Saving redrawing half a line is useless, but redrawing the entire screen
unnecessarily rather than moving the lines of text up/down is still
pretty noticeable.
> This is one of the reasons I was checking if we ever have to deal with
> slow connections. Fast ones can handle complete redraws for paging
> and scrolling, and that keeps the code simple. Optimized redraws can
> come later if we feel it's needed.
Optimizing redraws is more complicated than it's worth, but _avoiding_
redraws is a pretty common case that can be expensive in certain
contexts. (Scrolling up or down, happens a lot.)
>> Basically, "vi" and "less" are my two initial use cases for this.

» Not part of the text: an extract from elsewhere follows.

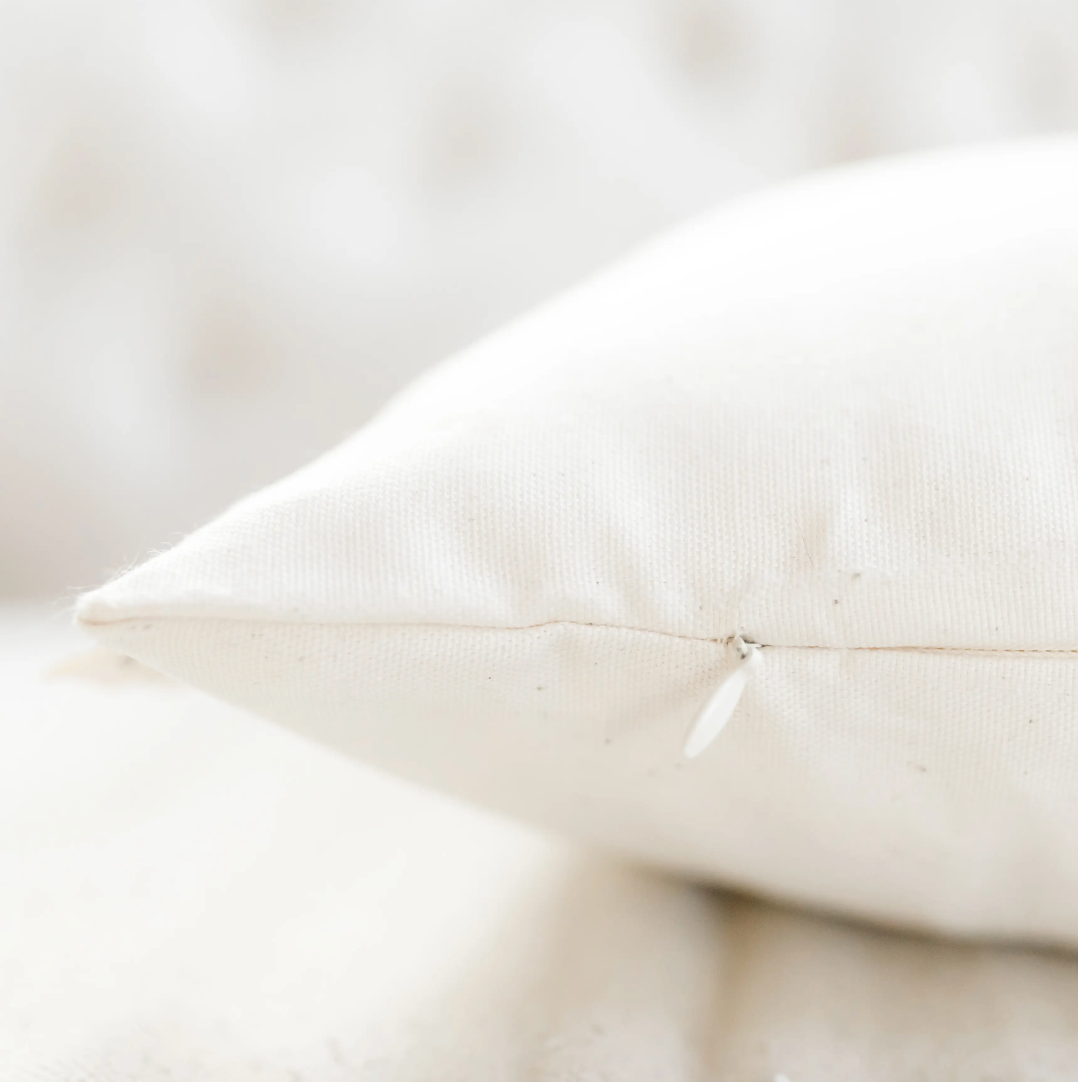 3 Stripe Grain Sack Blue Pillow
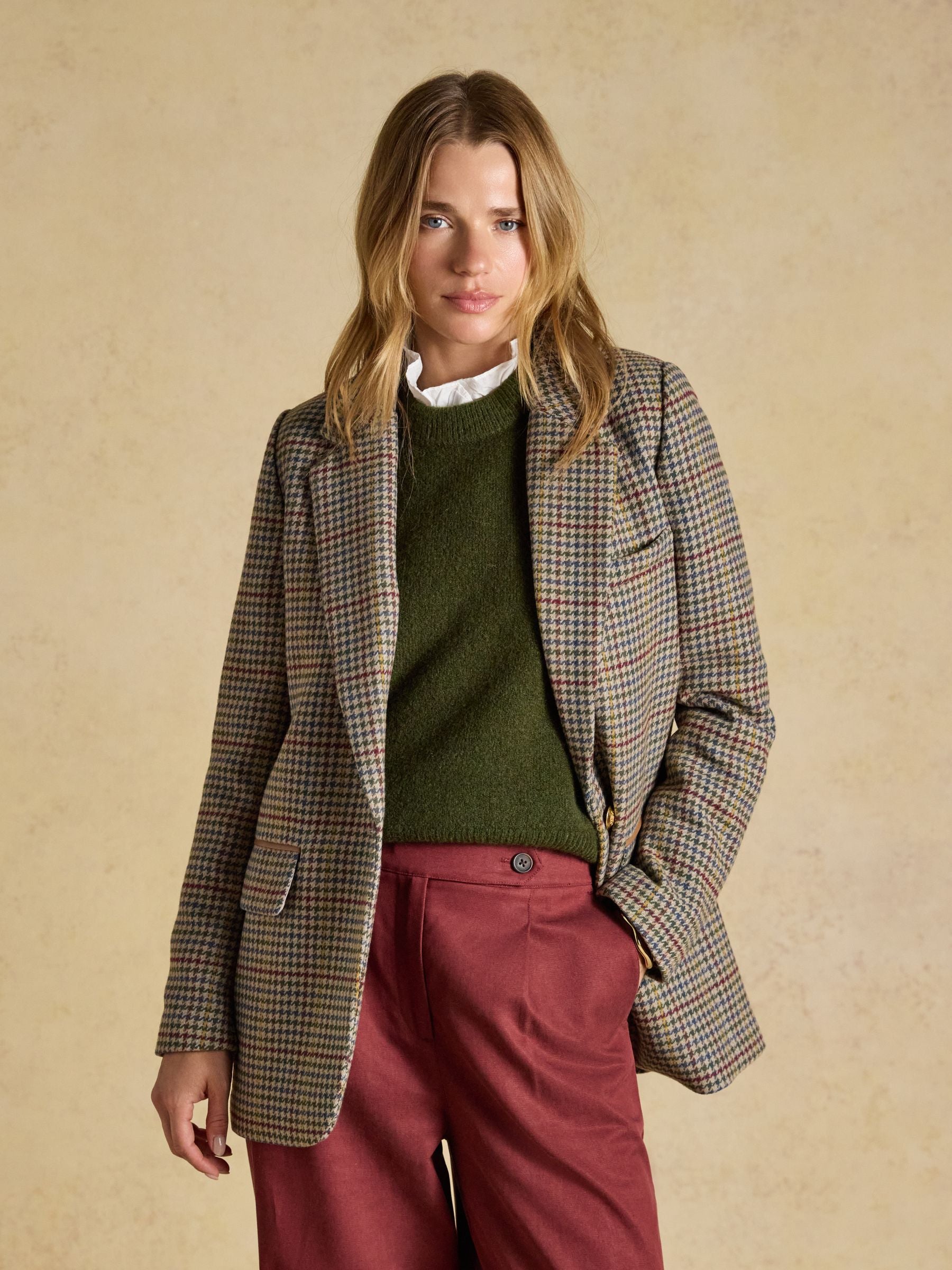 Hackmore Check Relaxed Fit Tweed Blazer With Wool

>> Emacs ain't in posix. If it's a really trivial additional binding
>> (basically a .config file), fine. But I personally will never use it,
>> and no standard requires it.
>
> I would not use vi or emacs, so it's gonna do what ever I like as an
> editor as well as those two. Once it can deal with the horrid vi
> command and insert modes, which are no longer needed, just ancient
> historic artefacts, then a simple emacs editor is just a matter of
> different key bindings.
If you say so...
> It's gotta scratch my itches as well, or it's not worth my time.
Oh sure.
> And people will scream if I leave out emacs. shrugs
I honestly don't care, but if it's easy to do...
Rob
--
GNU/Linux isn't: Linux=GPLv2, GNU=GPLv3+, they can't share code.
Either it's "mere aggregation", or a license violation. Pick one.